* **DATASET SECTION**
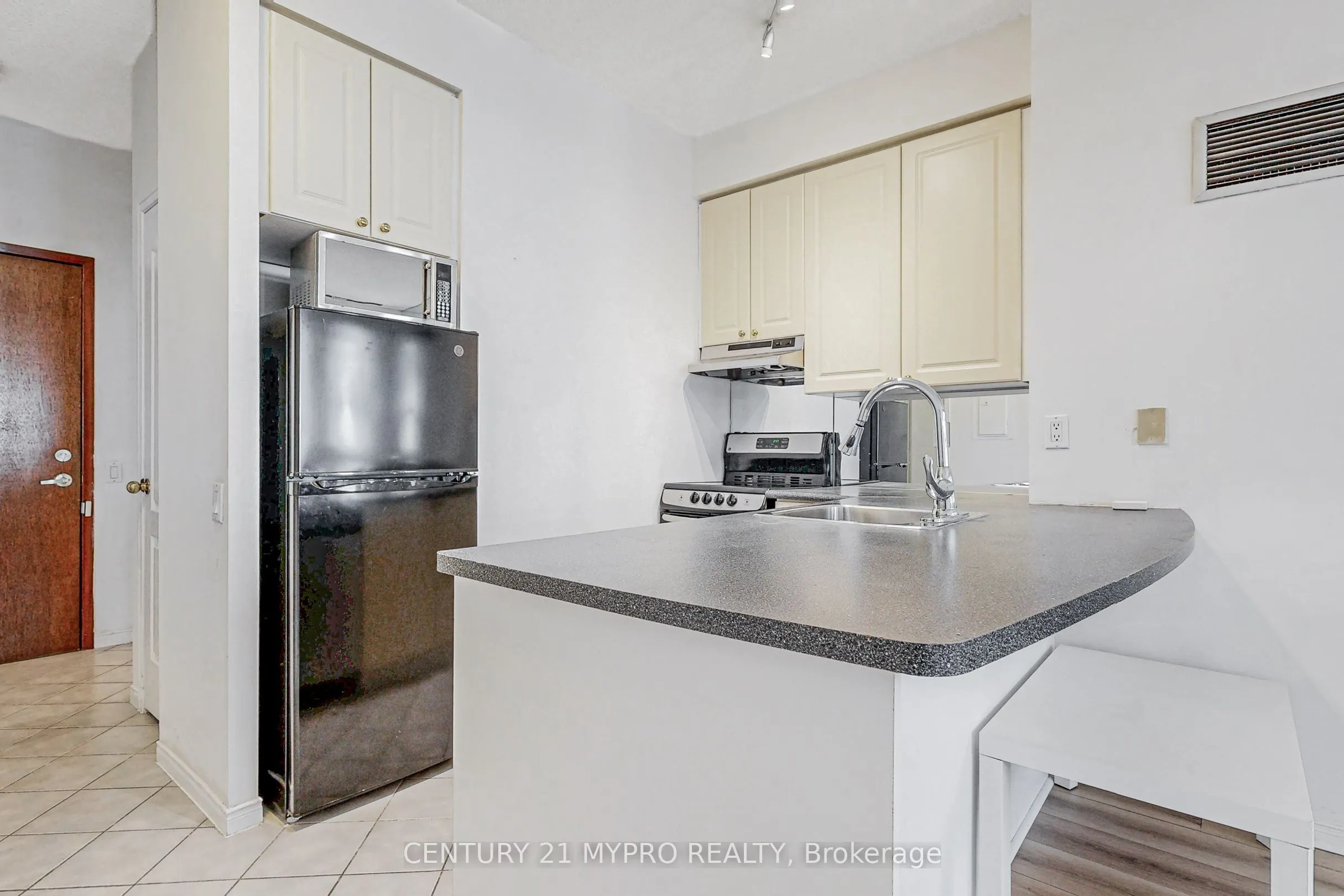 555 Yonge Street #401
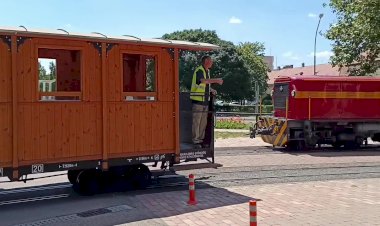 Манёвры ужд тепловоза Mk48-409 с узкоколейными вагонами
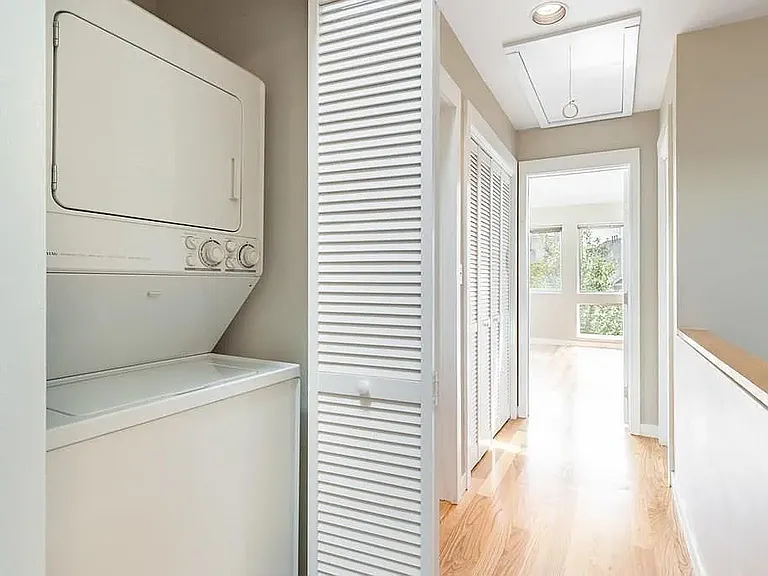 20 Ship Ave #6 — Photo 14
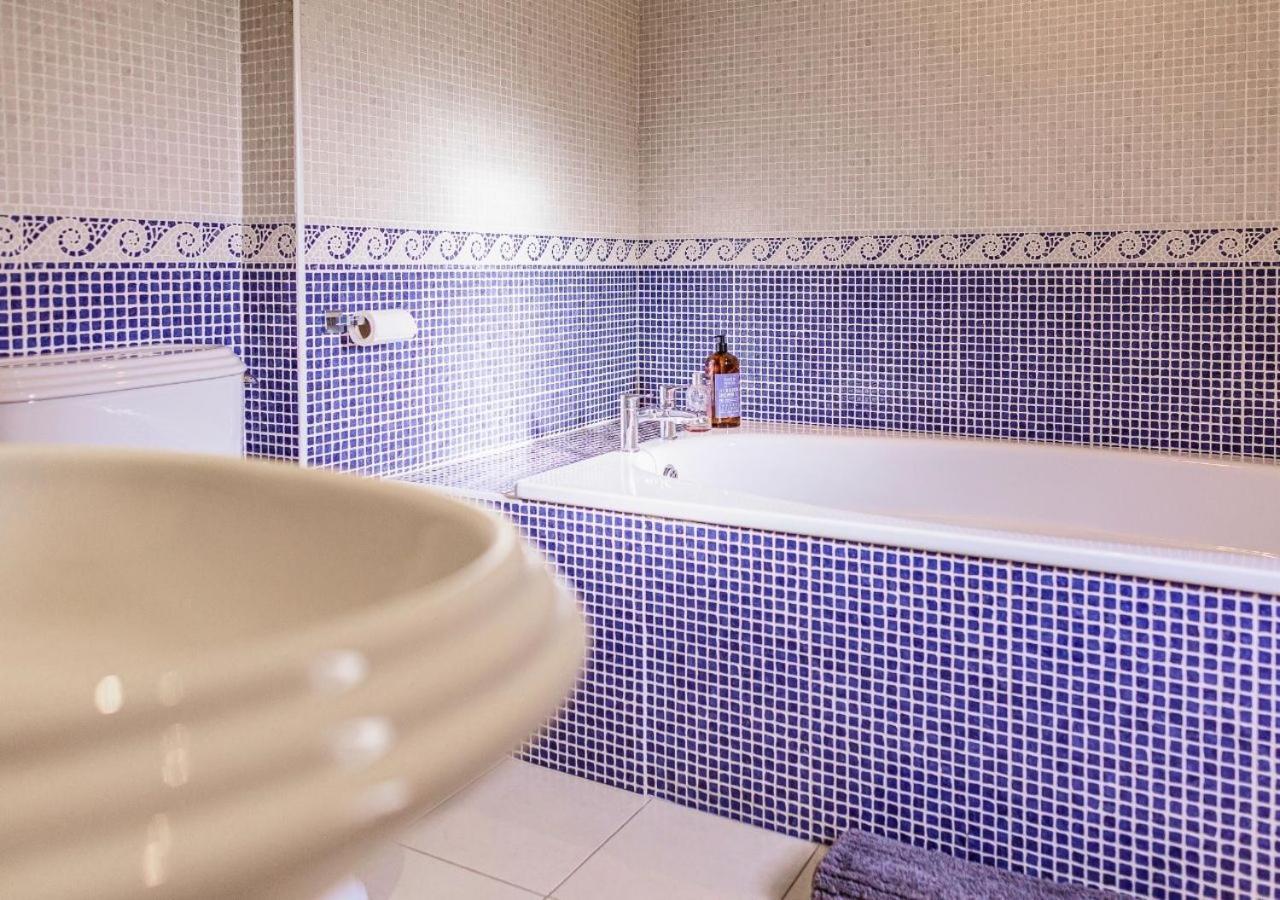 Charming 3Bd Cotswolds Family Retreat Villa Bourton-on-the-Water Ngoại thất bức ảnh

* **WORK REQUEST**
Would you repeat the listing word for word and skip every picture?

* **YOUR RESPONSE**
 555 Yonge Street #401
 Манёвры ужд тепловоза Mk48-409 с узкоколейными вагонами
 20 Ship Ave #6 — Photo 14
 Charming 3Bd Cotswolds Family Retreat Villa Bourton-on-the-Water Ngoại thất bức ảnh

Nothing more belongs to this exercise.